LISTED RECORDS:
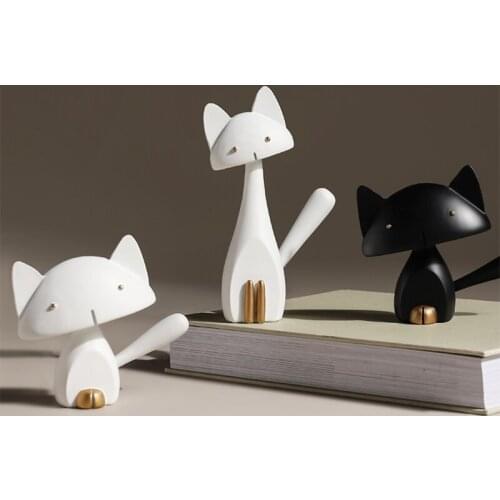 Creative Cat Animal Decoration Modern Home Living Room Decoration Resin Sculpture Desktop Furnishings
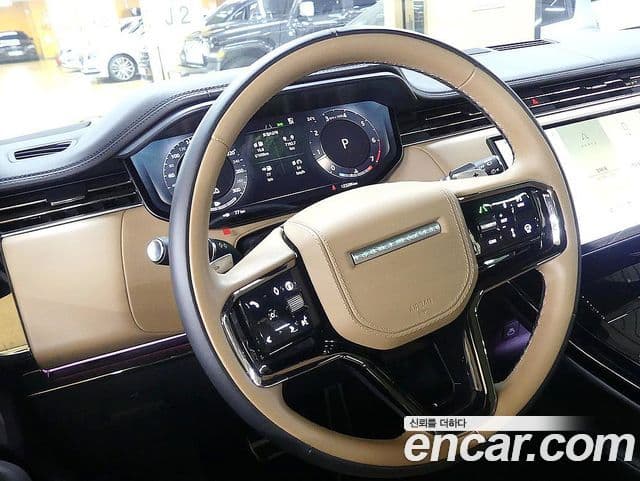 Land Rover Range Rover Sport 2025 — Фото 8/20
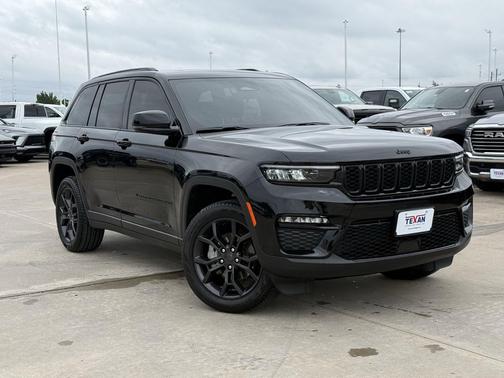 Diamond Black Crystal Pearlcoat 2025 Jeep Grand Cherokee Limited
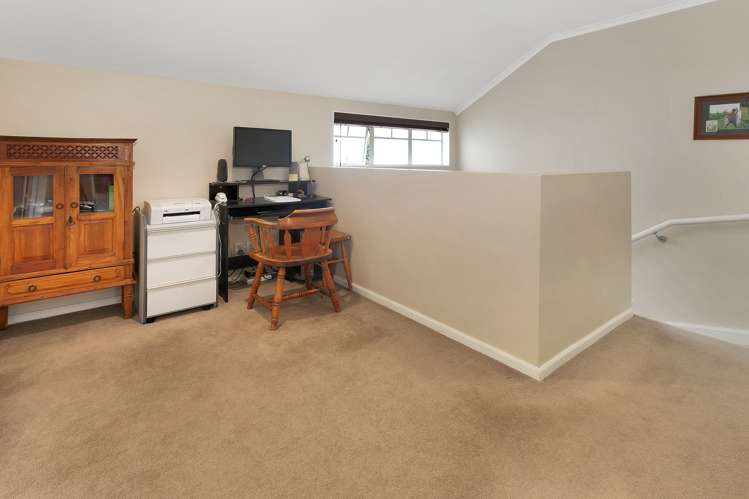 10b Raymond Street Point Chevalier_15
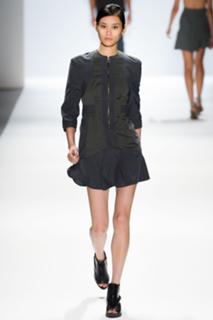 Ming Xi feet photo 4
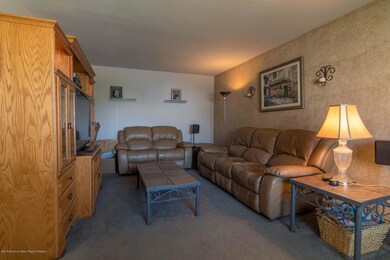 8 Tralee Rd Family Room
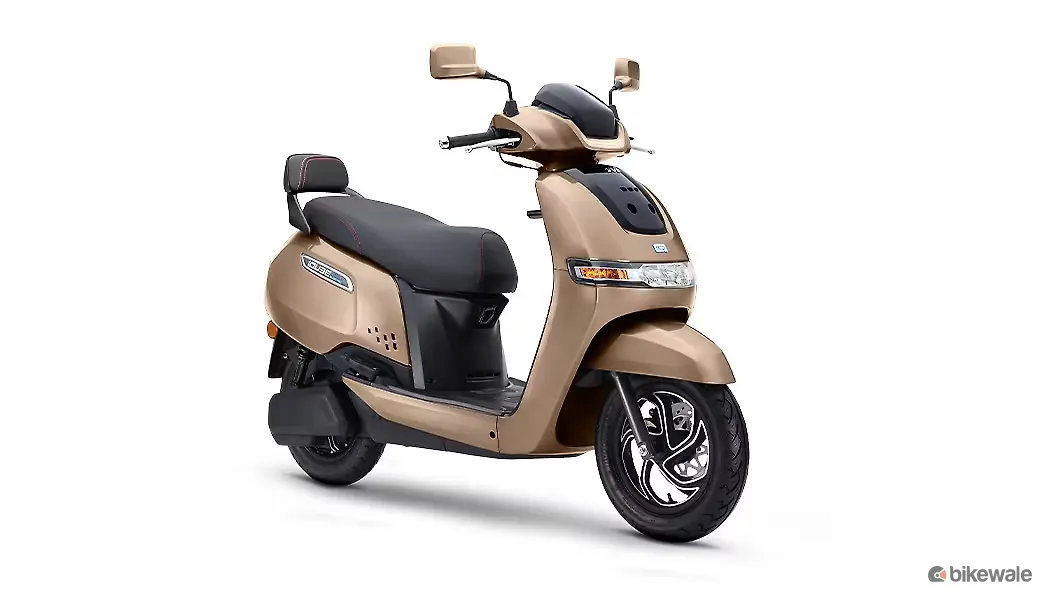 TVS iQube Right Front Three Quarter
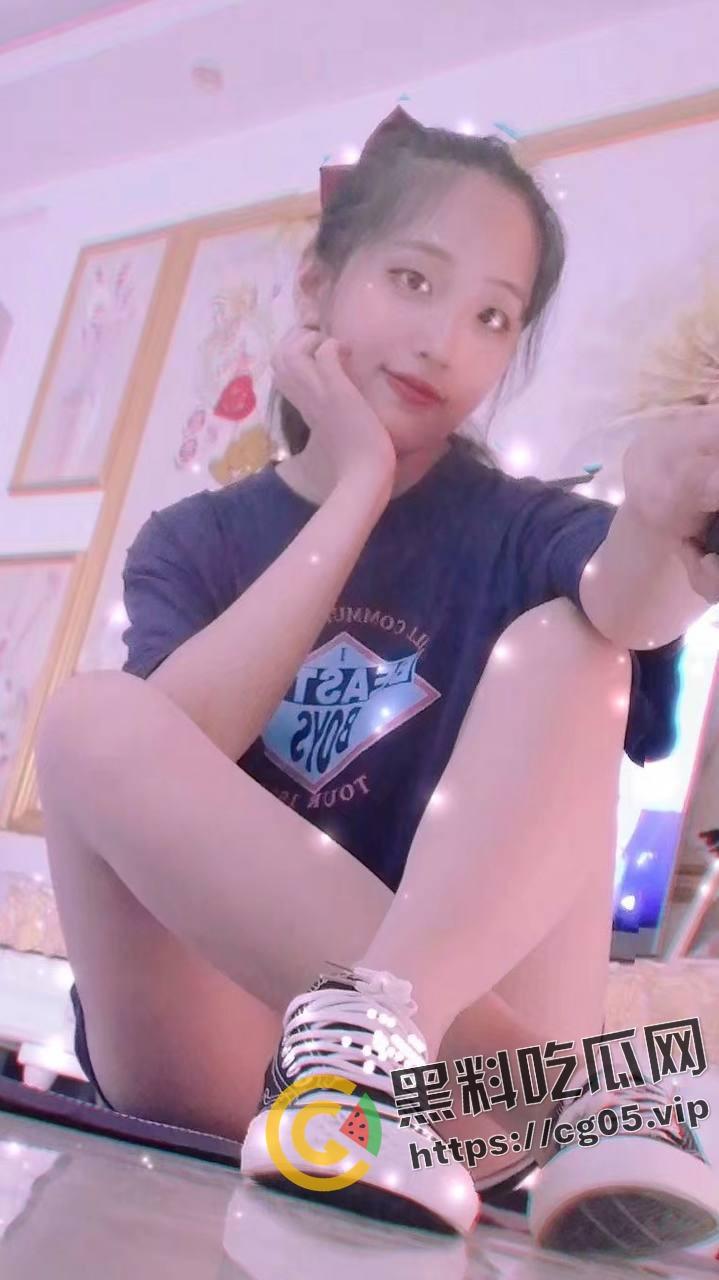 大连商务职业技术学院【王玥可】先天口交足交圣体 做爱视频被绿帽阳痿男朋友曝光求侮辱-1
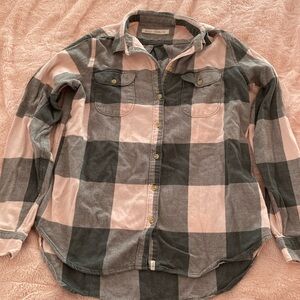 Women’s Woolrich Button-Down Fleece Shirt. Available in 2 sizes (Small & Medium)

---

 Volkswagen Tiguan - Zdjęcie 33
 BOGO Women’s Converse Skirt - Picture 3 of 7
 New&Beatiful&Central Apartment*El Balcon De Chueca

WHAT IS REQUIRED:
An exact copy is needed of the entries above, starting at the line that holds "Creative Cat Animal" and stopping at the line that holds "Women’s Woolrich Button-Down", both kept; pictures stay out.

REPLY:
 Creative Cat Animal Decoration Modern Home Living Room Decoration Resin Sculpture Desktop Furnishings
 Land Rover Range Rover Sport 2025 — Фото 8/20
 Diamond Black Crystal Pearlcoat 2025 Jeep Grand Cherokee Limited
 10b Raymond Street Point Chevalier_15
 Ming Xi feet photo 4
 8 Tralee Rd Family Room
 TVS iQube Right Front Three Quarter
 大连商务职业技术学院【王玥可】先天口交足交圣体 做爱视频被绿帽阳痿男朋友曝光求侮辱-1
 Women’s Woolrich Button-Down Fleece Shirt. Available in 2 sizes (Small & Medium)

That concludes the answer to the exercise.